§ **Available data**:
▼
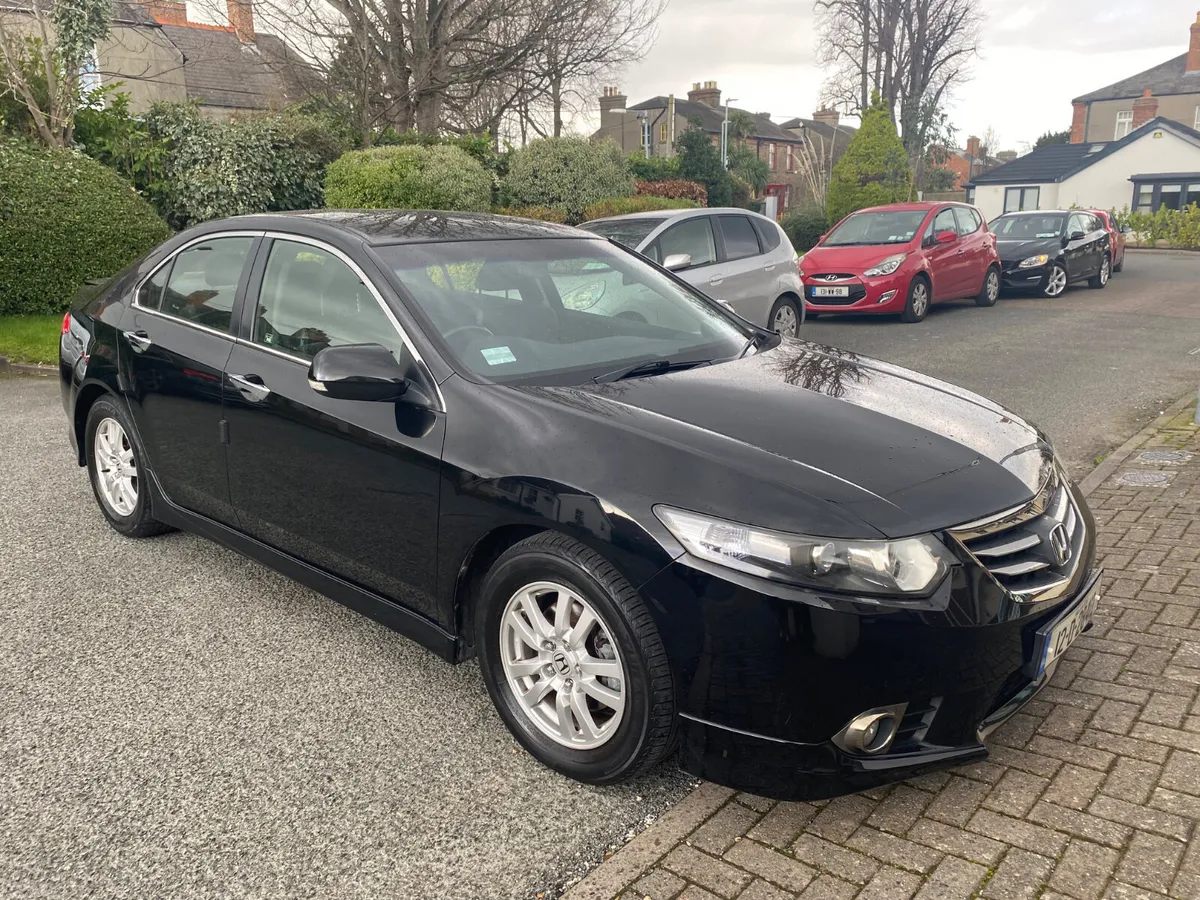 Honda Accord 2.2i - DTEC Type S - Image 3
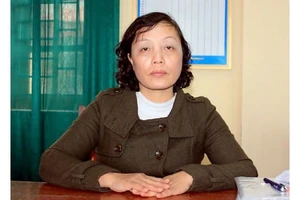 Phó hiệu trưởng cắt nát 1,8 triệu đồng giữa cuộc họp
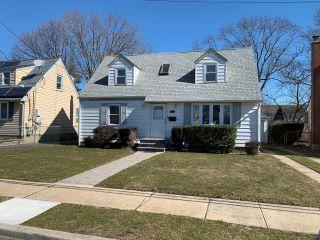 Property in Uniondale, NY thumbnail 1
▲
▼
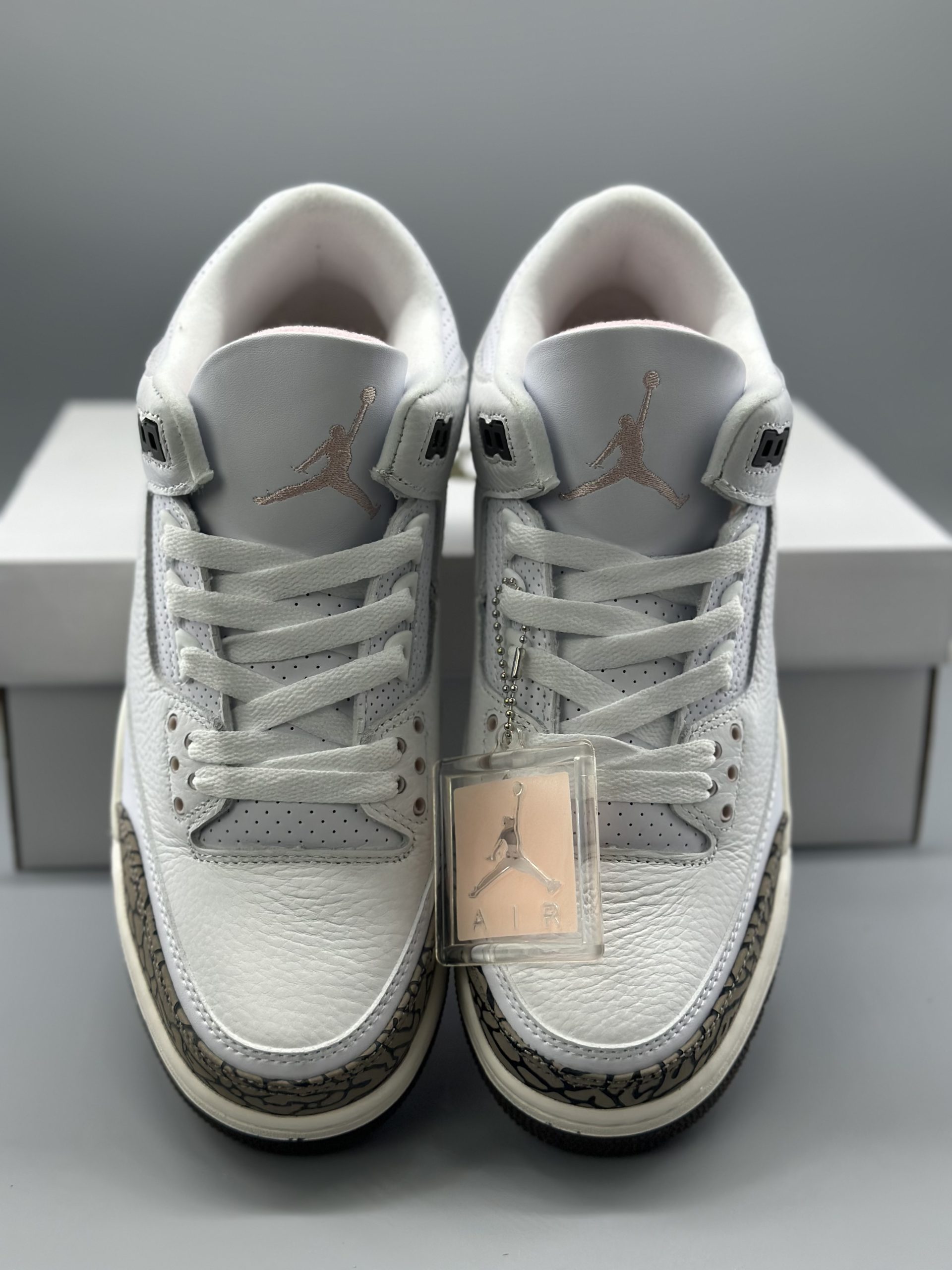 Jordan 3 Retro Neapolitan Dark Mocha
▲
§ **Your objective**:
Your reply should consist solely of the lines above from the line containing "Phó hiệu trưởng" up to and including the line containing "Property in Uniondale, NY thumbnail 1", reproduced exactly, minus the pictures.

§ **Reply to the task**:
 Phó hiệu trưởng cắt nát 1,8 triệu đồng giữa cuộc họp
 Property in Uniondale, NY thumbnail 1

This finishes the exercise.